Ibil al-saqi (Lebanon), July 23: The two cars stopped hesitantly at the petrol station in the southern Lebanese village of Ibil al-Saqi. In the hills behind, plumes of white smoke from Israeli air strikes spiralled into the sky.

''Do you know where we should go? Which roads are safe?'' asked a veiled woman in the back of the white Mercedes crammed with people fleeing from the border village of Tallousi.

Crammed into taxis and buses or piled into pickup trucks, thousands of people fled southern Lebanon yesterday, trailing white flags from their windows hoping to stave off Israeli air strikes that have battered the area.

Convoys of vehicles sped down winding rural roads, their occupants persuaded to flee by 11 days of bombardment and growing fears of deeper Israeli raids into Lebanon.

''The air strikes got really bad. There was no food or water left,'' said Mohammed Nasrallah, a teenager riding in an open-top truck crammed with people who had left the village of Houla, a couple of kilometres north of the Israeli border.

''There was no one left,'' said an elderly lady with a deeply creased face sitting at his feet.
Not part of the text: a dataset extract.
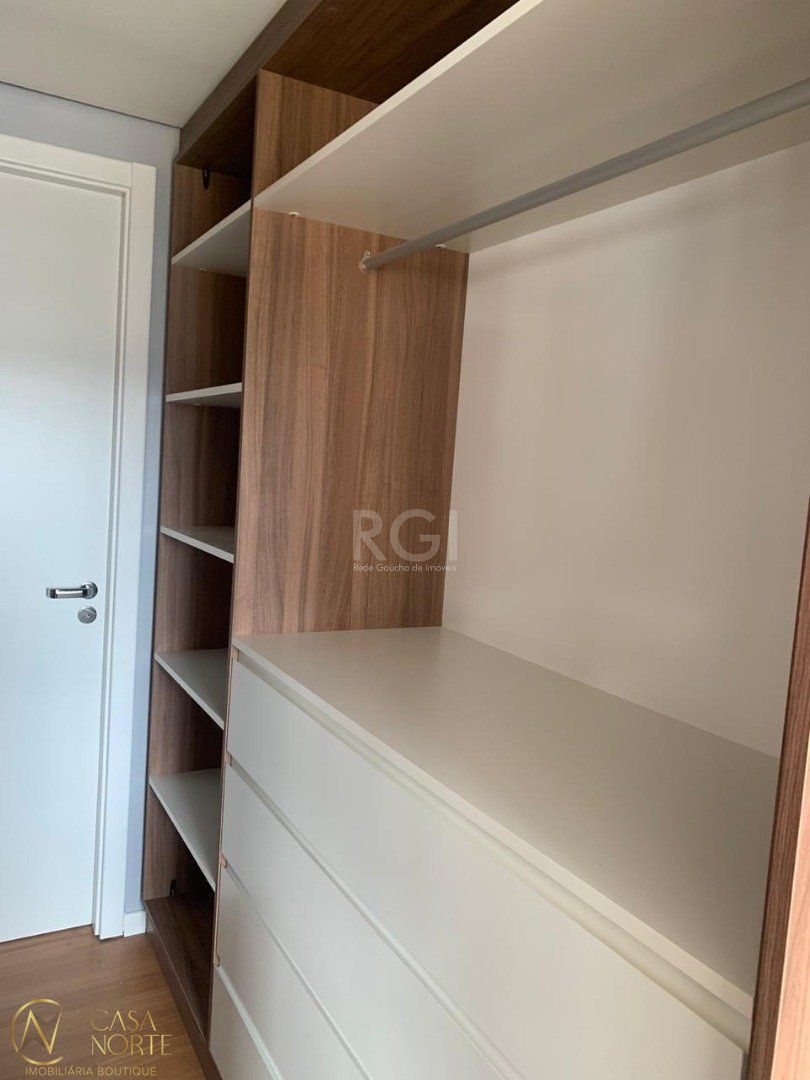 Studio à venda com 1 quarto, 42m², 1 suíte, 1 vaga, Avenida Ipiranga no bairro Petrópolis em Porto Alegre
The Israeli offensive, which aims to stop Hizbollah rocket fire into Israel, has killed more than 350 people in Lebanon, mostly civilians, and displaced half a million people.

Israeli forces urged the residents of 14 Lebanese border villages to leave yesterday, Israeli military sources said.

Israel had previously dropped leaflets on the south, urging residents to flee to safety beyond the Litani river, some 20 km north of the border.

Many said they were leaving because of the air raids, not Israeli warnings.

''We decided to leave because there was bombardment right near the village,'' said Abu Ramsi, leaving Ibil al-Saqi in a family car with his wife and relatives in the back.

''We are not going far, just to Hasbaya. Hopefully this will not last and we will be back soon,'' he said.

STRANDED BY BOMBARDMENT No more than an hour after they had left to Hasbaya, a Druze town of winding streets 20 km northeast of the border, an Israeli warplane blew a crater in a main road connecting it with Ibil al-Saqi.

Two people driving past were wounded, the missile striking just behind them. The strike left only one winding and bumpy side road linking the areas. Within hours, Israeli jets hit that last remaining route.

In Hasbaya loud speakers warned residents against gathering in the street so as not to attract air strikes.

''The town of Hasbaya calls on our residents not to speed or sound their horns, or gather in any public place due to the situation,'' messages read over loud hailers said.

Schools in Hasbaya were full of people displaced from villages closer to the border, where only a few determined residents remained.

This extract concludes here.